My new book

Readers of this blog may be interested in my new book, which I am very pleased to say has just been listed on Amazon. It is called simply Mapping, and is part of the Wiley-Blackwell series on Critical Geographies. This series is aimed at senior undergraduate and graduate (or post-graduate) students, and provides book-length discussions of various parts of geography from a critical perspective. Of course I think it will also be of interest to my colleagues!

This is the cover:

It shows a cartogram developed by Mark Newman and Danny Dorling of world population, ie, each country is distorted to match not its physical size but its population. It also includes the Equator and its noticeable how much of the world’s population is in the global north. (For more on these cartograms, see Newman, Dorling and Anna Barford’s new book, The Atlas of the Real World). The cartogram algorithm for these maps was developed by Mark Newman and Michael Gastner (see Newman’s page). It was actually quite difficult to think of cover images for the book. While perhaps cartograms are a bit too familiar to those in the trade, they are certainly better than the ESRI GIS maps initially suggested by the publisher!

The table of contents:

Chapter 1 Maps––A Perverse Sense of the Unseemly

Chapter 2 What is Critique?

Chapter 3 Maps 2.0 and New Spatial Media

Chapter 4 What is Critical Cartography and GIS?

Chapter 5 How Mapping Became Scientific

Chapter 6 Governing with Maps: Cartographic Political Economy

Chapter 7 The Political History of Cartography Deconstructed: Harley, Gall and Peters

Chapter 8 GIS After Critique: What Next?

Chapter 9 Geosurveillance and Spying with Maps

Chapter 10 Cyberspace and Virtual Worlds

Chapter 11 The Cartographic Construction of Race and Identity

Chapter 12 The Poetics of Space: Art, Beauty and Imagination

Chapter 13 Epilogue: Beyond the Cartographic Anxiety?

I imagine that Chapter 6 will be of most interest to readers of this blog. In it I attempt to discuss mapping in light of Foucault’s work on governmentality, which I have written about elsewhere.
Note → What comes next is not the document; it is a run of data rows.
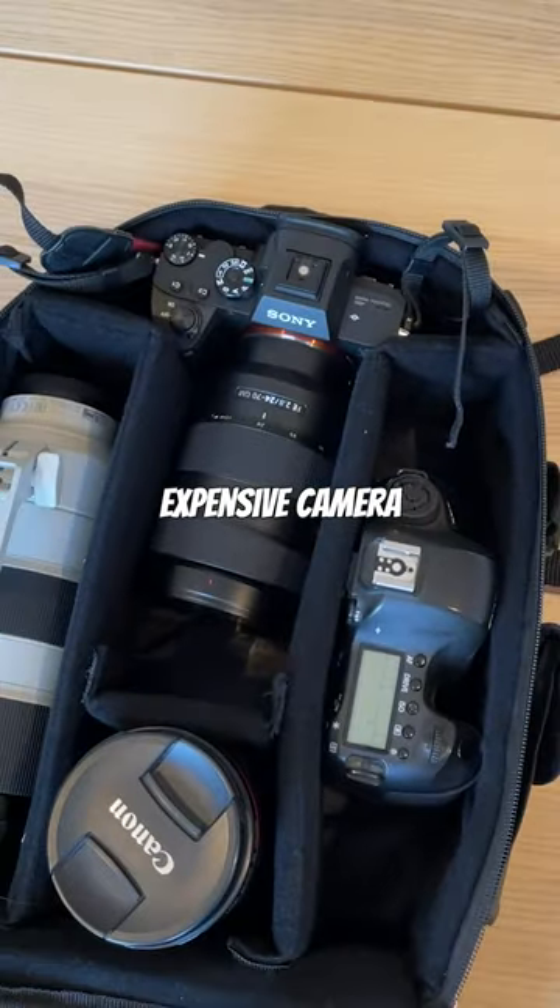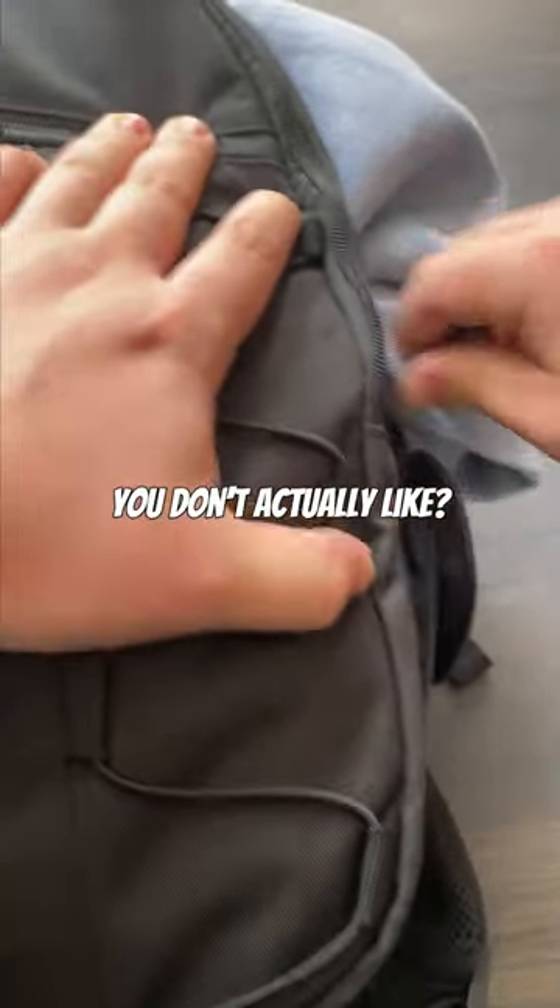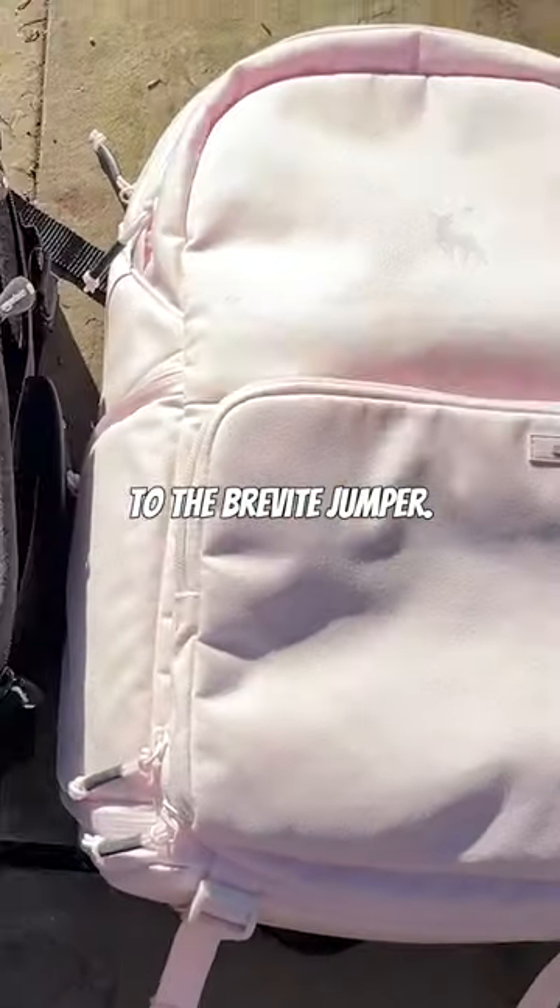Are you tired of feeling scared carrying your expensive camera gear with your bulky, outdated camera bag? And are you tired of wearing a backpack that you don't actually like? Well, say hello to the Brevity Jumper.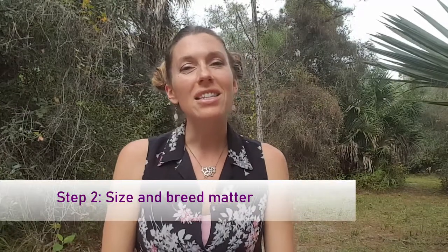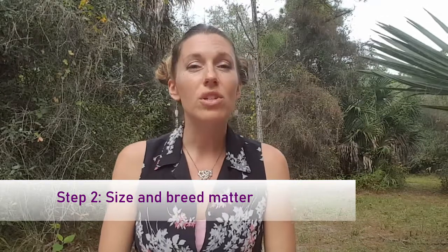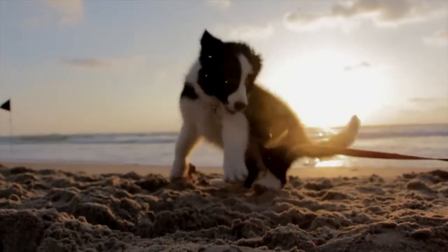Step two is that the size and the breed of your dog do matter. Hotels have restrictions on the size limits of a dog that stays with them. In a lot of cases they don't allow larger dogs, but some places do if you pay more, and they may also have restrictions on the breed — a lot of hotels may not allow a more muscular dog.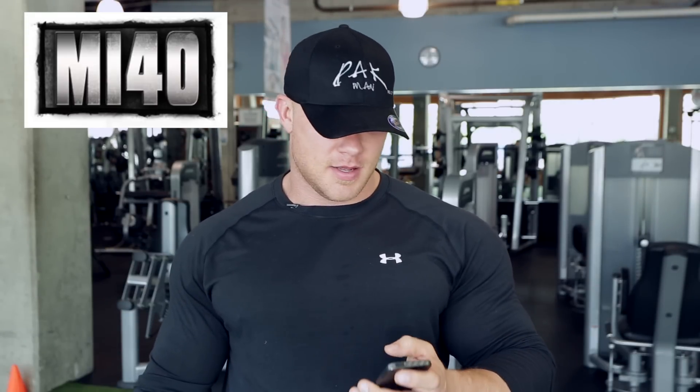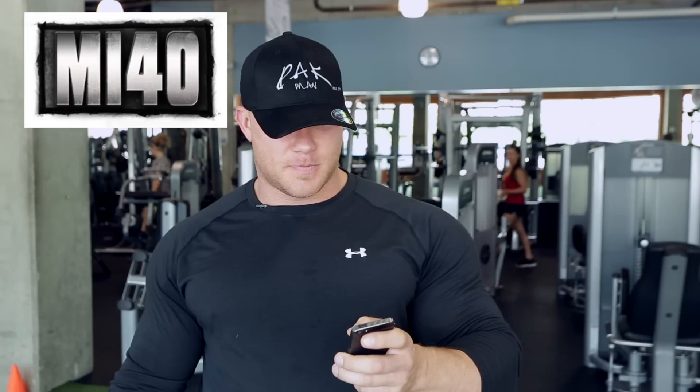What's up MI40 nation? BPAC coming back at you with another Q&A. We have a question from Benny Lee. Benny Lee asks: Ben, what are the best steps to improve insulin sensitivity?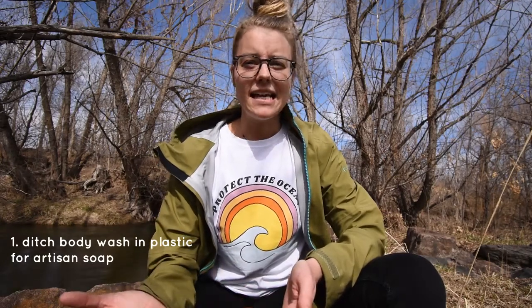Let's get into my list. Starting in the bathroom: instead of buying body wash in a plastic container, consider artisan soaps. Usually when you buy a bar of soap it has much better ingredients anyway, and it gives you an opportunity to support local business. Even in my small hometown of around 5,000 people there is an artisan soap shop — so go support your local soap shop and stop buying body wash in plastic packaging.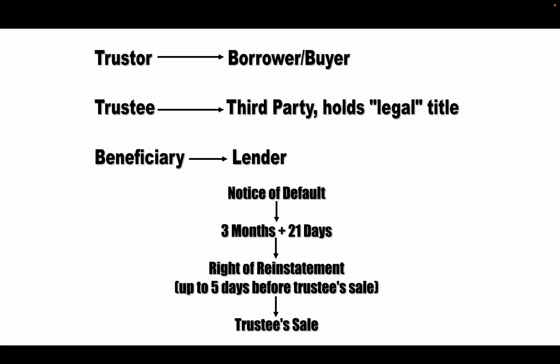If the borrower, the trustor, were to default, the trustee is notified by the lender. The lender says they're not getting paid and the borrower defaulted, so they need to institute the trustee sale. The first step is a notice of default — they record a notice of default on the property, telling everybody that this trustor has defaulted on their payments. Then they wait three months — that's the soonest. After three months, once a week for three weeks they publish a notice of the trustee's sale in a newspaper of general circulation. So the very soonest after the notice of default is three months and 21 days, and that's when the actual trustee sale can occur.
I also use Foucault’s approach to critique in an earlier chapter. However, the book is not meant to be “Foucauldian” as such. In fact a manuscript reviewer objected to the Foucault I did use!
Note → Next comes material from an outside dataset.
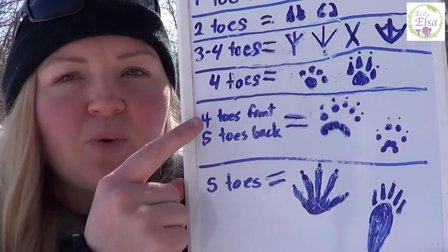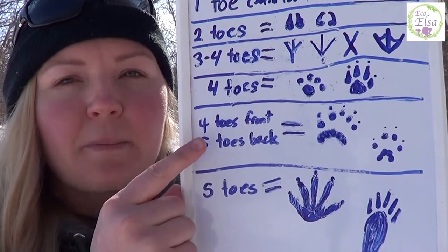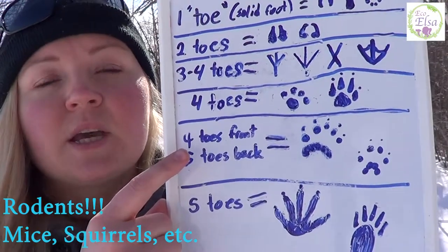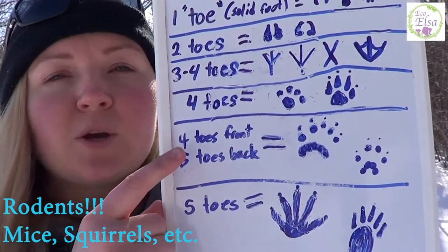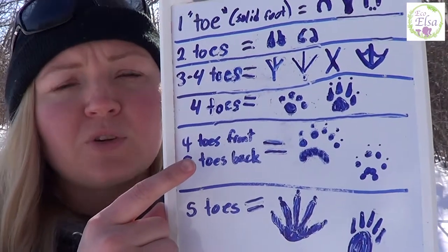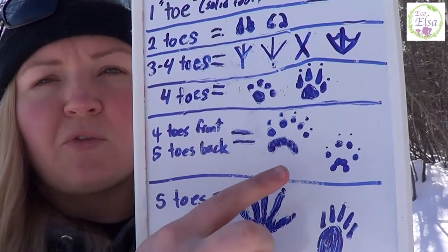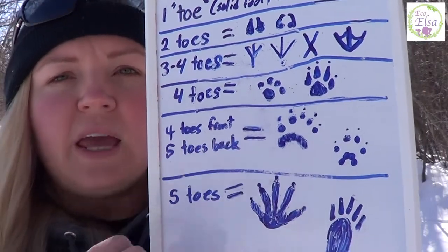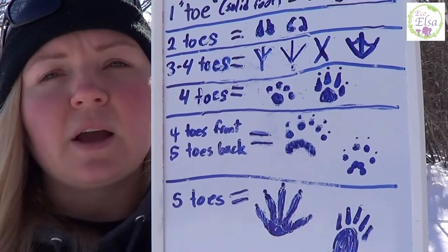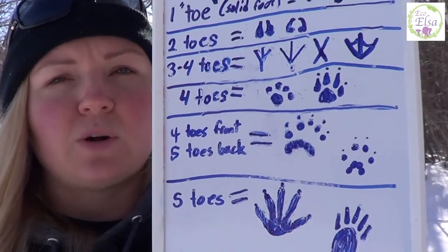Next we have a tricky group: footprints that come with four toes in the front and five toes in the back. These are going to be mostly rodent species — things like mice, rats, squirrels, chipmunks, and woodchucks. All of their footprints vary quite differently in size and shape. Since the prints are often so small, you'll have to look at multiple footprints in a trail to make sure you're not accidentally missing a toe here or there.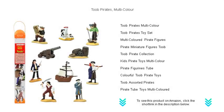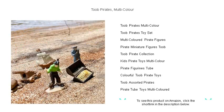Set sail on a vibrant adventure with Tube Pirates, multi-color. Ye landlubbers and seasoned sea dogs alike, get ready to unleash your imagination across the high seas with our colorful and durable pirate figures.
I am really glad this book is done. It took me more than six years to write. In fact I was first asked to do this book in 2001, but I said no. They then asked me again a couple of years later (JP Jones is the series editor) and I agreed. But it took me so long to complete that I published another book in the meantime (the Foucault book which initiated this blog) and the publisher was taken over (from Blackwell to Wiley-Blackwell)! The reason is that it’s a lot harder than you think to write for someone else than to write for yourself. When someone else has set the goals of the book, when you’re talking to an audience that is far wider than your normal audience, it is not easy to find the right balance–avoiding both a kind of posturing lecturism on the one hand and over-simplification on the other. (For the record I think Stephen Jay Gould got it about right.)

In their wisdom, the publishers aren’t making this available till next February, which is a non-date as the US semester will already have begun. But at least it’s in paperback and reasonably affordable. In the end I had a lot of fun doing the book, and certainly learned a lot (eg., about map art). I’d like to try writing a popular book again, perhaps even with a non-academic publisher, though we’ll have to see about that.